Coronavirus has now killed 170 while the number of infections has risen to 7,700. There were around 5,200 cases of Sars, which claimed around 800 lives in 2002 and 2003.
The Hong Kong stock index shed 2.6 per cent overnight after falling three per cent the previous day. Japan’s Nikkei 225 fell 1.7 per cent, while South Korea’s Kospi also dropped 1.7 per cent.
In Europe, Britain’s FTSE 100 had dropped 0.7 per cent by 8.45am. Germany’s Dax was down 1.1 per cent, and France’s CAC 40 fell 1.2 per cent.
“With concerns about the economic impact of the coronavirus rising unabated, risk aversion has again dominated,” said Chris Scicluna of Daiwa Capital Markets.

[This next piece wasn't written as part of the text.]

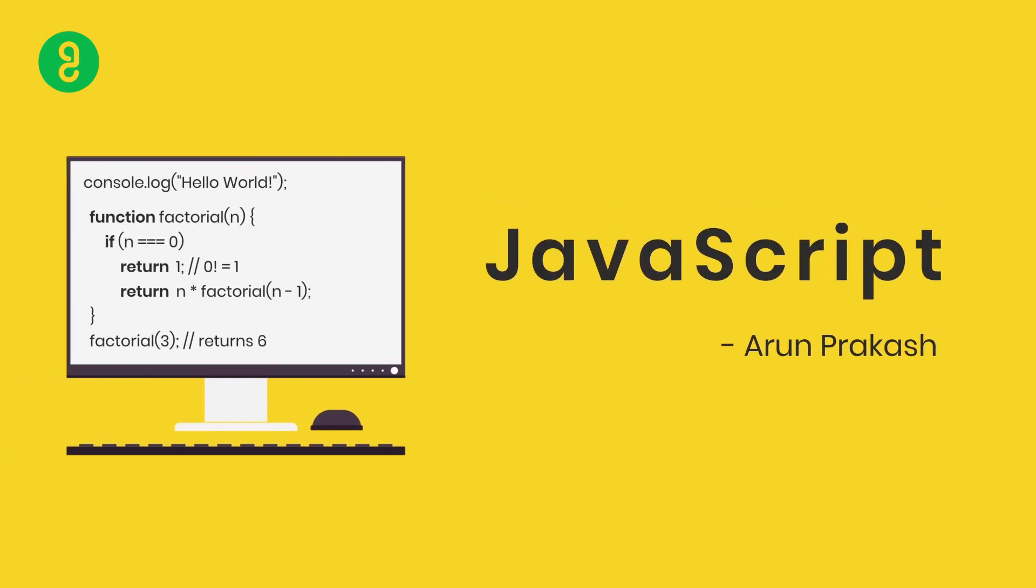Hi friends, this is Arun. Today we're going to learn about JavaScript. This is one of the most popular programming languages in the world and one of the simplest as well.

The fall in stocks came ahead of another meeting of the World Health Organization’s (WHO) emergency committee. It will decide whether the coronavirus outbreak constitutes an international health crisis.
WHO decided against labelling the coronavirus a global emergency when it met last week. But cases have grown rapidly since then.
Countries are evacuating their citizens out of the Hubei province, where the virus originated. Australia, South Korea, Singapore and New Zealand are quarantining evacuees for a fortnight regardless of whether they show symptoms.
The UK’s own evacuation of 200 Brits has been delayed until at least tomorrow. They will be quarantined for two weeks when they arrive back in Britain.
Google and Ikea are the latest global firms to close operations in China. Much of the country remains in lockdown during an extended Lunar New Year holiday, raising fears that the virus will damage an already relatively weak economy.
Meanwhile, British Airways, Lufthansa and Virgin Atlantic have suspended flights to mainland China.
John Redwood, chief global strategist for broker Charles Stanley, said: “The spread of the coronavirus has upset the bullish markets that started 2020. There will be an immediate impact on the Chinese economy.”
“Consumer confidence is likely to fall, and in the worst affected cities people are not going to the shops or out on the streets,” he said. “But as confirmed cases are found in the USA, Japan, France and other countries, all share markets fall.”
Nervous investors bought so-called safe-haven assets as they sold shares. The yield on the 10-year US Treasury bond fell two basis points (0.02 percentage points) to 1.564 per cent, a level not seen since October.